Examinations are an opportunity for students to demonstrate their knowledge of the topics being assessed. Like other forms of assessment, the design of examinations needs to be consistent with the UTS Principles of Assessment and allow students to demonstrate their knowledge and skills in a fair and equitable way. Writing fair and equitable exam questions takes time, but is essential if we are to provide meaningful, practice-oriented tasks for students to display their knowledge and abilities related to the subject learning objectives.

Considerations

  • Online exams should have approximately the same workload as paper-based exams
  • Online exams should cover about the same number of concepts as previous exams
  • Online exam questions are likely to be slightly more complex than in-person exam questions and therefore require slightly more reading time than paper-based exams
  • Students can usually type faster than they can hand-write and typed answers online are likely to be slightly longer than paper-based exams – clear word limit guidelines for the answers may be necessary to manage marking workloads

Question types

The subject learning objectives provide a guide to the choice of the type of question you will ask in an examination. Subject learning objectives that require the students to define, list, name or identify, suggest that students need to select from a collection of known responses. Selected response questions involve students choosing the correct response or supplying a word or short phrase to answer a question. Examples are multiple choice, multiple answer, true-false, matching or fill-in-the-blank questions.

Subject learning objectives that expect the student to apply, analyse, compare, structure or evaluate suggest that students need to construct an original answer to the question, either as a short written answer or longer essay responses, or as a performance test. With careful writing it is possible to construct effective selected response questions that test the student’s ability to calculate, analyse or evaluate.

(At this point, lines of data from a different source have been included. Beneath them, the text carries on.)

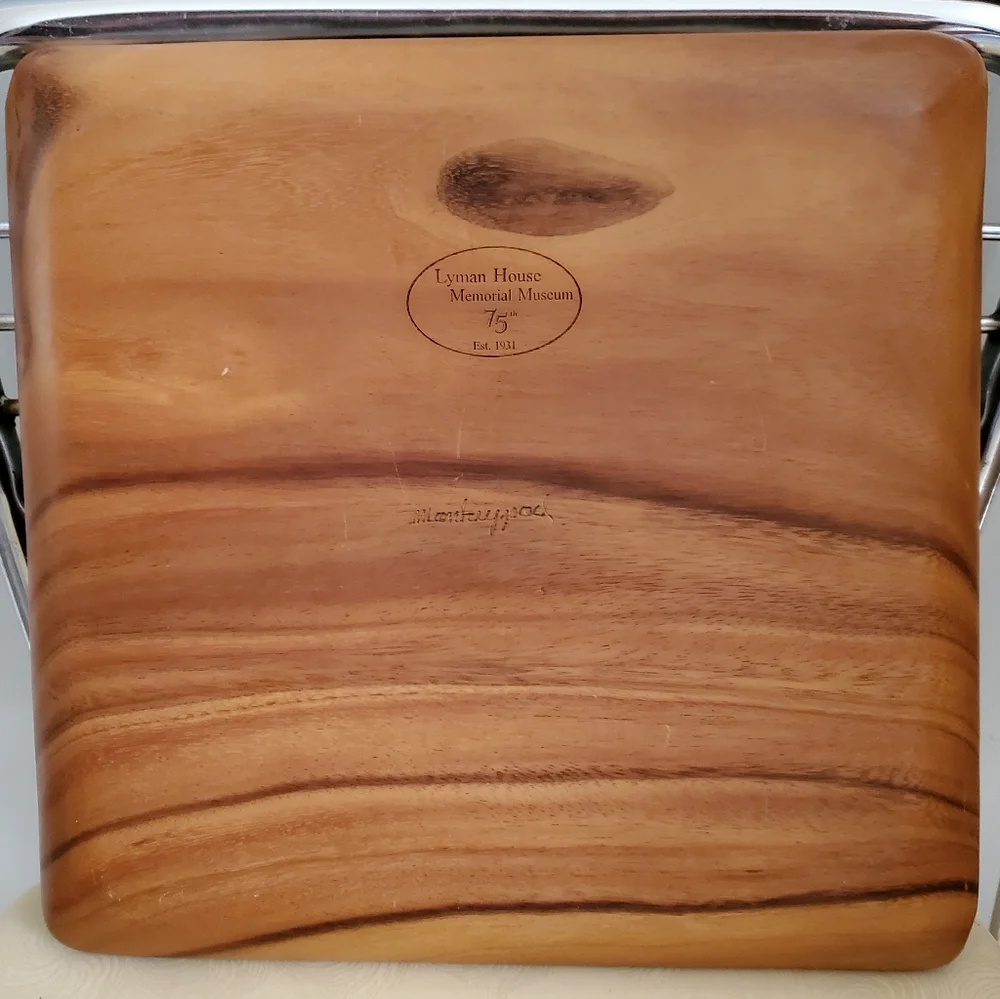 🔷️🔷️SOLD🔷️🔷️Monkeypod tray - Picture 2 of 3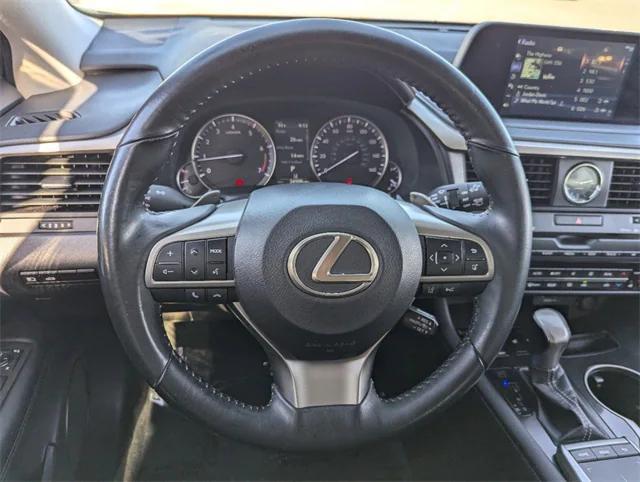 used 2021 Lexus RX 350 car, priced at $36,375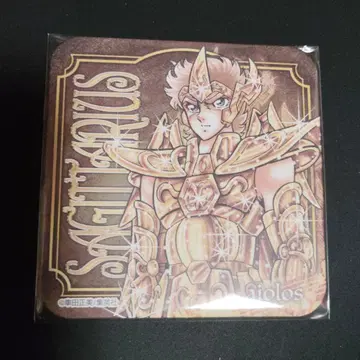 세인트 세이야 아트 코스터 아이오로스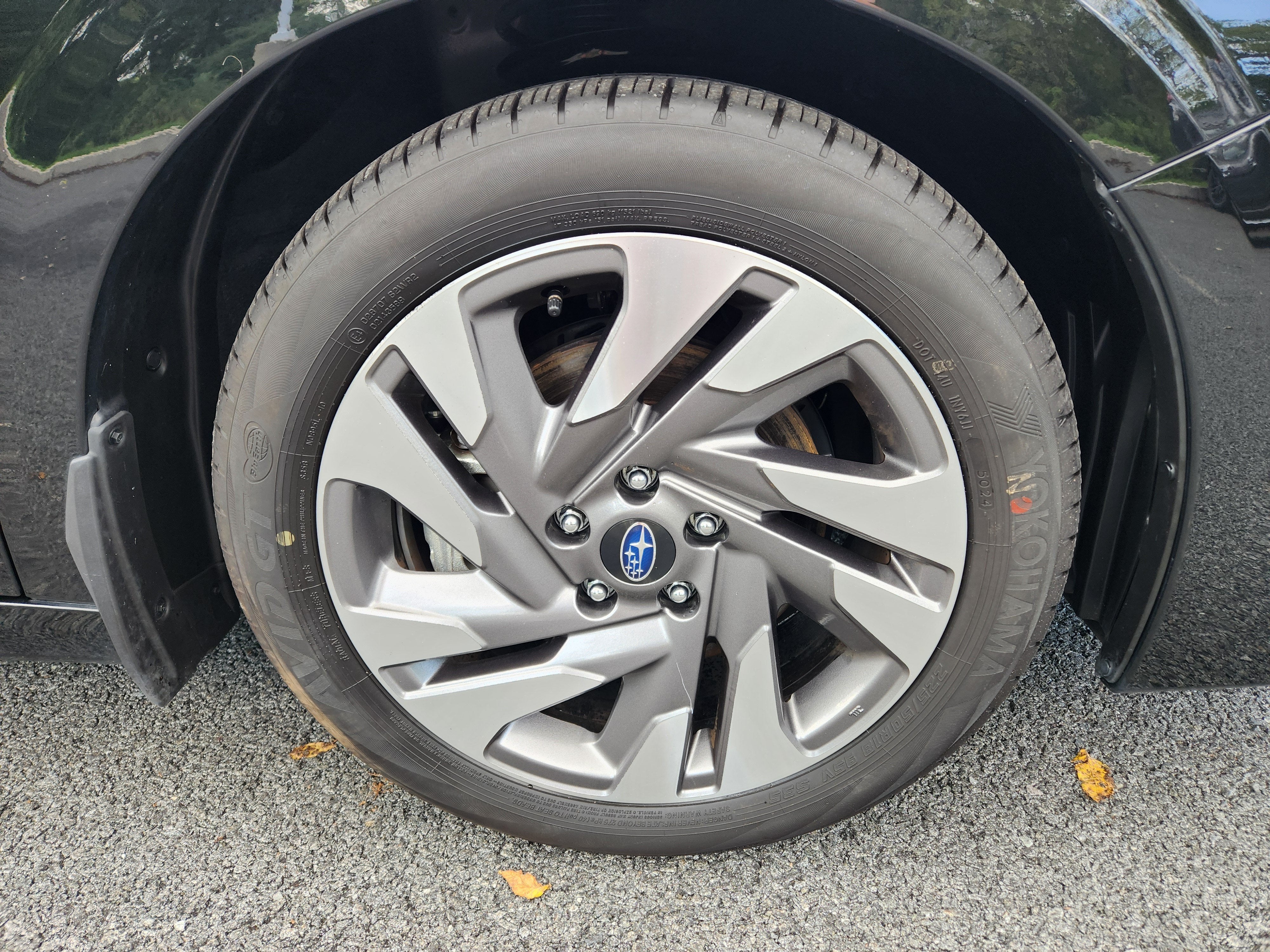 2025 Subaru Legacy Limited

Structuring your questions

Structure your questions around set of facts presented in the form of a problem, scenario or case study.

  • Problem-based questions present relevant qualitative and quantitative data and requires students to use the information provided to solve a problem or calculate an answer.
  • Scenario questions require the additional interpretative skill of students identifying the relevant information from a fictitious situation allowing for a range of confounding variables to be built into the question.
  • Case-based questions provide a realistic context constructed from actual examples of situations described in the question.

Devise questions that require students to apply and make use of information through analysis or evaluation.

  • Analysis questions ask the student to examine a situation in detail and identify motives and causes, make inferences and find evidence to support their conclusion.
  • Evaluation questions ask the student to make judgments about the information and justify a position or decision.

Avoid knowledge recall questions that have answers that can easily be found online.

Online multiple choice questions

The most commonly used selected response item is a multiple-choice question that consists of a stem, a correct or most appropriate answer and distractors. The stem presents the problem or context of the question that students need to answer and should include all factual information needed to answer the question. In most cases the stem is written but can contain other material such as graphs, diagrams or sets of results.

A well-written stem is a complete statement that can be answered without looking at the options. Stems should be clear, specific and stated in a positive form. Understanding the stem should not be a test of comprehension rather a test of the material on which the question is based.

The options need to be written in a way that minimises guessing without clues to the correct answer or clues which allow a student to discard distracters even if little is known of the material under test. The correct answer should be independent of its position in the list of distractors. This allows randomisation of the distractors and a level of personalisation of question responses. This excludes the use of ‘All of the above’ ‘ and ‘None of the above’ as a distractor.

All distractors should be plausible and mutually exclusive. Ideally, each distractor would represent a common student misunderstanding of the concept being examined.

Testing the test

One of the advantages of using online multiple-choice questions is the statistics on the test is easy to obtain and will help determine the quality of the question. Item analysis tools should be used after each online MCQ exam to find out which questions were rated as difficult, whether the top 25% of students did well in all questions and whether some distractors were ineffective in their role of presenting plausible responses to the students.

This information can be used to refine or delete any ineffectual exam questions. Items with acceptable discrimination and facility can be stored for future use. In this way an item bank of high quality questions can be built up over time and questions selected randomly for more personalised tests.